SUPPLIED DATA >>
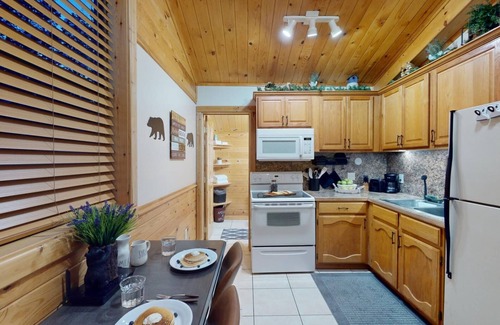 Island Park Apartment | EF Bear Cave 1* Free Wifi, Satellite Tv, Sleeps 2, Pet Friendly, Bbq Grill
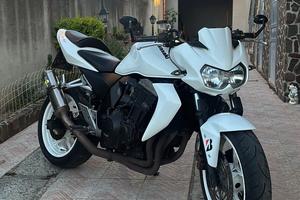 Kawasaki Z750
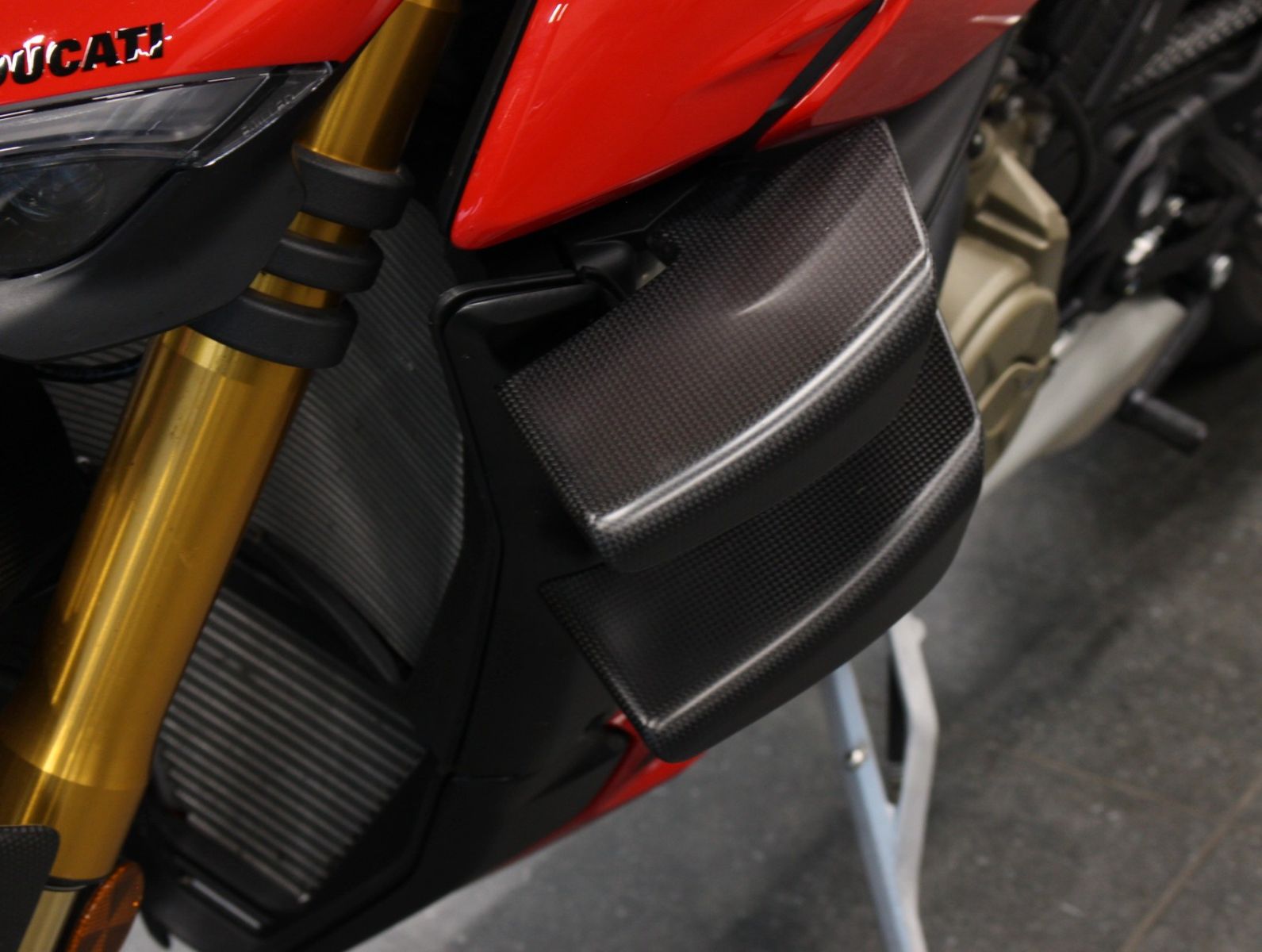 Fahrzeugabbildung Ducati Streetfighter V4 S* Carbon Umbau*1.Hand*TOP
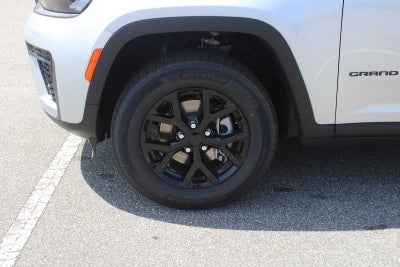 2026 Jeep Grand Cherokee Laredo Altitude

ABOUT THIS EXERCISE >> Omit pictures; set down the rest of the material word for word.

RESPONSE TO THIS TASK >>
 Island Park Apartment | EF Bear Cave 1* Free Wifi, Satellite Tv, Sleeps 2, Pet Friendly, Bbq Grill
 Kawasaki Z750
 Fahrzeugabbildung Ducati Streetfighter V4 S* Carbon Umbau*1.Hand*TOP
 2026 Jeep Grand Cherokee Laredo Altitude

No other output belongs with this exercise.